For now, the program remains in effect, with continuing uncertainty. What we know right now is that Department of Homeland Security still accepting and processing new applications for DACA, and is currently renewing work permits that are expiring. On the other hand, application to the program involves more risk, since it appears more likely that it could end at any time. Nearly 800,000 young adults have benefited by the program by gaining temporary work authorization, that is renewable every 2 years. But if you are considering applying for DACA for the first time, you should talk to a qualified immigration attorney to help you access your risk. In fact, the National Immigration Law Center (NILC) now recommends that if you are submitting a first time DACA application, that you do not do so without legal representation. The NILC suggests you consider the following negative factors. If DACA is withdrawn, there is no guidance on what USCIS will do about pending applications. Worse case scenario – you may lose your application fee and USCIS could share your personal information with Immigration and Customs Enforcement (ICE). Also, without proper legal advise, your application could identify you for deportation if you fit the administration’s expanded enforcement priorities. On the other hand, submitting an application now could have positive result if DACA continues, or DACA continues but is closed to new applicants, or if DACA is phased out gradually as work permits expire. Keep an eye on this blog for updates to the DACA program.

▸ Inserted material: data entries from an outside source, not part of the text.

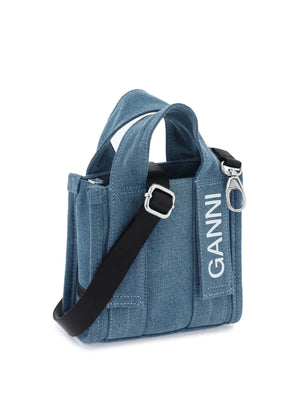 Denim Tech Mini Tote Bag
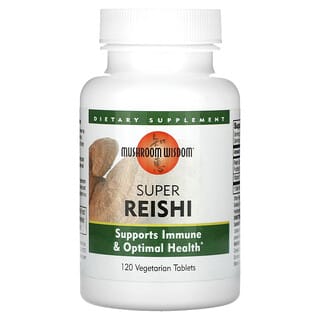 Mushroom Wisdom, Super Reishi, 120 vegetarische Tabletten
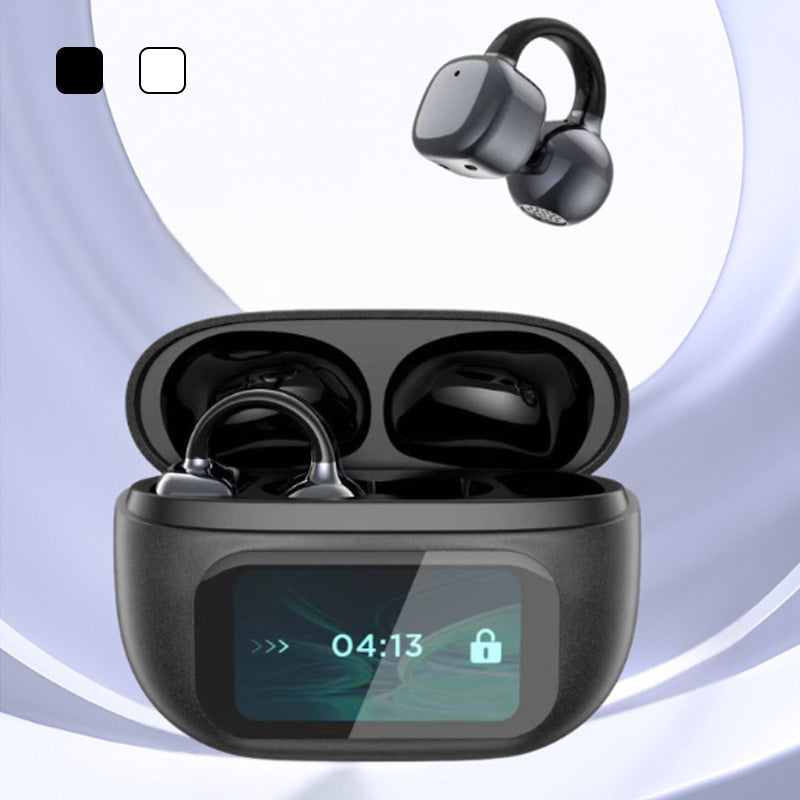 SmartStyleBuds™ | Trådløse Øreklips Bluetooth-Ørepropper Med Smart Skærm Display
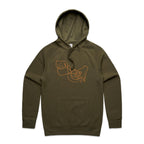 Barista - Mens Hoodie Army Mens Hoodie Coffee Printed In Australia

On June 29, 2017 the Department of Homeland Security revised their initial definition of the “close family” exception to the travel ban. (See Blog Entry June 27, 2017) [The designated countries are Syria, Iran, Somalia, Sudan, Libya, Yemen] Now, a close familial relationship is defined as a parent (including parent-in-law), spouse, fiance, child, adult son or daughter, son-in-law, daughter-in-law, sibling, whether whole or half, and includes step relationships. “Close family” does not include grandparents, grandchildren, aunts, uncles, nieces, nephews, cousins, brothers-in-law and sisters-in-law, and any other “extended” family members. This means that those in the close family relationship category from the six designated travel countries (Syria, Iran, Somolia, Sudan, Libya and Yemen) are eligible to apply for immigrant and nonimmigrant visas, although they will need to establish a bona fide relationship with the person in the United States. DHS published FAQ’s stating that USCIS will continue to interview refugee applicants from the six designated countries, however they will also have to prove a bona fide relationship with a person or entity in the United States.
We at Kalita Law Group will continue to update you as DOS and DHS sort out implementation policy.